Skip to content Skip to sidebar Skip to footer

Emmanuel Macron a-t-il offert au pape François un livre volé en Pologne ?

Temps de lecture : 3 minutes

Pologne/France/Vatican – Une photo de l’exemplaire du Projet de paix perpétuelle d’Emmanuel Kant offert par le président français au pape François qu’il a rencontré au Vatican ce lundi sème l’émoi en Pologne. Sur la photo de cette édition de 1796 publiée par le correspondant du journal La Croix, on distingue en effet très nettement le cachet de la bibliothèque universitaire de Lvov (Lwów en polonais, Львів – Lviv – en ukrainien, et Léopol de son nom français), une ville qui était polonaise jusqu’en 1945. Cela pousse de nombreux commentateurs – journalistes, historiens, politiciens – à soupçonner qu’il s’agit d’un des nombreux objets volés par les Allemands ou les Russes pendant la Seconde Guerre mondiale. D’après le journaliste Arnaud Bédat, ce livre aurait été racheté à un libraire de Paris au prix de 2 500 €. La bibliothèque universitaire indiquée sur le tampon figurant sur la page de couverture du livre existait depuis 1867 et a fonctionné jusqu’en 1939.

« La bibliothèque universitaire de Lvov a été fondée en 1867. Cet ouvrage a donc été volé par les Allemands, les Russes ou l’une des unités françaises des Waffen-SS. Quoi qu’il en soit, félicitations au président Macron pour son recel »,

a réagi sur Twitter le journaliste polonais Stanisław Janecki.

« Les institutions et organisations publiques ne vendent pas leurs collections et ne les échangent pas. S’il y a un tampon, il me semble que l’acheteur devrait rendre le bien, et non en faire commerce », a encore écrit Janecki en réponse à un internaute qui lui faisait remarquer que la note du libraire accompagnant ce livre imprimé à Königsberg (devenu aujourd’hui Kaliningrad) affirme qu’il serait arrivé en France vers 1900.

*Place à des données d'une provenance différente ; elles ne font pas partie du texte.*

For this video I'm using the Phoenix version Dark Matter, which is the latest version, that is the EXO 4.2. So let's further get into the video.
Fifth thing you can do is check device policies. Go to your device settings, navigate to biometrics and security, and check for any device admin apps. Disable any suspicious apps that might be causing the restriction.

« Cette photo a fait grand bruit en Pologne : le cachet indique clairement que le livre offert par le président français au pape François était auparavant la propriété de la bibliothèque universitaire polonaise (à l’époque) de Lviv … Le moins que l’on puisse dire, c’est que c’est embarrassant... »,

a écrit sur son fil Twitter Robert Pszczel, de l’Institut polonais des Affaires internationales (PISM), une institution créée en 1947 et fonctionnant sous l’égide du ministère des Affaires étrangères polonais.

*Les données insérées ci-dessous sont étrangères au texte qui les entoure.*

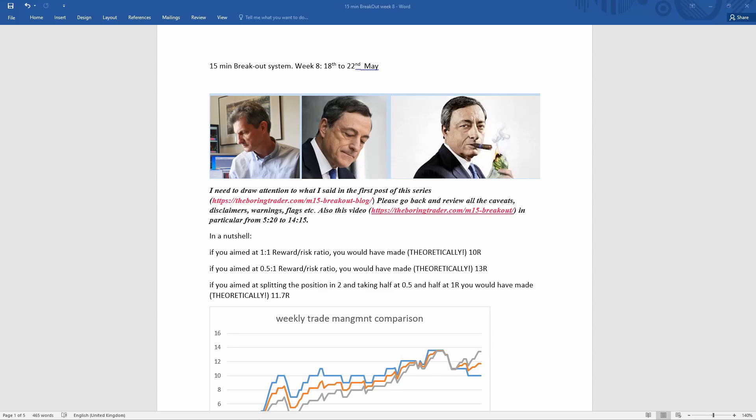Hi, Gigi of the BoringTrader.com website. Usual video about last week's performance of the 15-minute breakout system. I'm told that people prefer to watch videos rather than reading a blog. Don't quite understand why.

« L’affaire nécessite des vérifications.

Le livre peut avoir été échangé avant la Seconde Guerre mondiale (en tant que duplicata) contre un autre livre de la collection d’une autre bibliothèque. Cependant, les Allemands pillaient massivement les bibliothèques/archives polonaises, et cela en reste l’origine la plus probable »,

a déclaré de son côté Sławomir Dębski, le directeur du PISM.

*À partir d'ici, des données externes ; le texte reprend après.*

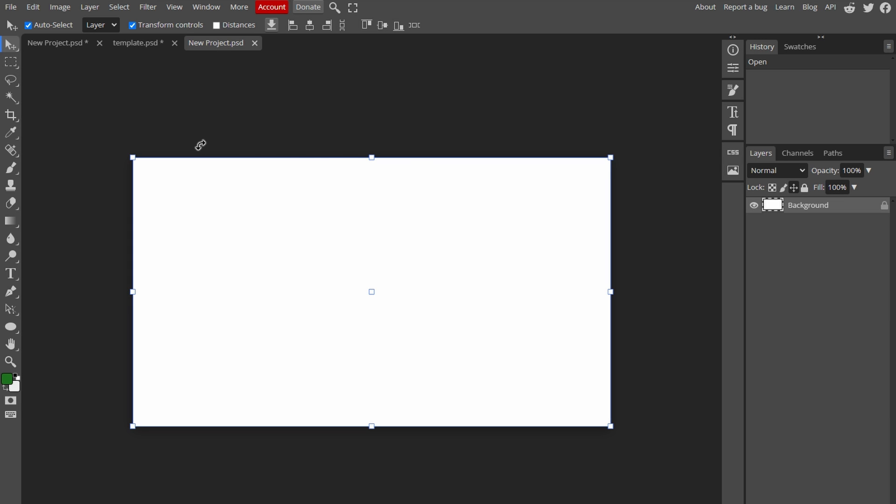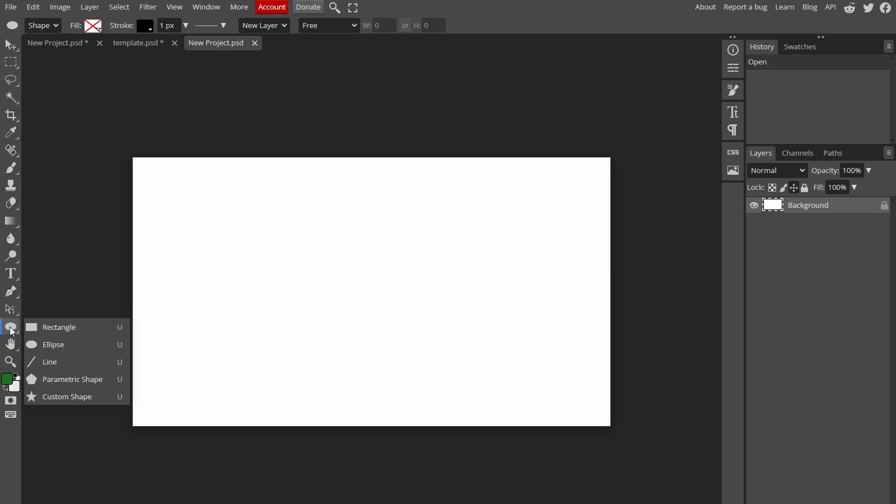On the left hand side, locate Rectangle tool in the toolbar. Once Rectangle tool is selected, go to the top section where it says Fill.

Pour Łukasz Adamski, vice-directeur du Centre pour le dialogue Juliusz Mieroszewski, une institution fonctionnant sous l’autorité du ministère de la Culture et du Patrimoine et qui s’adresse à la fois aux Polonais et aux Ukrainiens, Biélorusses, Russes, Moldaves et Géorgiens, ce livre « a peut-être été pillé par les autorités d’occupation allemandes pendant la Seconde Guerre mondiale, d’autant plus qu’il s’agit d’une édition précieuse de l’œuvre de Kant ». Adamski n’exclut toutefois pas que le cadeau offert par le président français au pape François ait pu être vendu, échangé ou volé à une époque antérieure.

Le porte-parole du ministère des Affaires étrangères polonais, Łukasz Jasin, a informé que les autorités de Varsovie s’intéressaient à cette affaire mais qu’il était trop tôt pour faire des déclarations.

Parmi les nombreux médias polonais qui ont relayé cette affaire, le site conservateur wPolityce.pl s’interroge pourquoi le président français n’a pas choisi un cadeau d’origine française plutôt qu’une traduction française d’un ouvrage de Kant publiée en Prusse et ayant quitté la bibliothèque universitaire polonaise de Lvov dans des conditions douteuses. C’est d’autant plus étonnant, fait remarquer wPolityce.pl, que le même Emmanuel Macron semble d’habitude très sensible aux objets d’art volés qu’il restitue volontiers aux anciennes colonies françaises.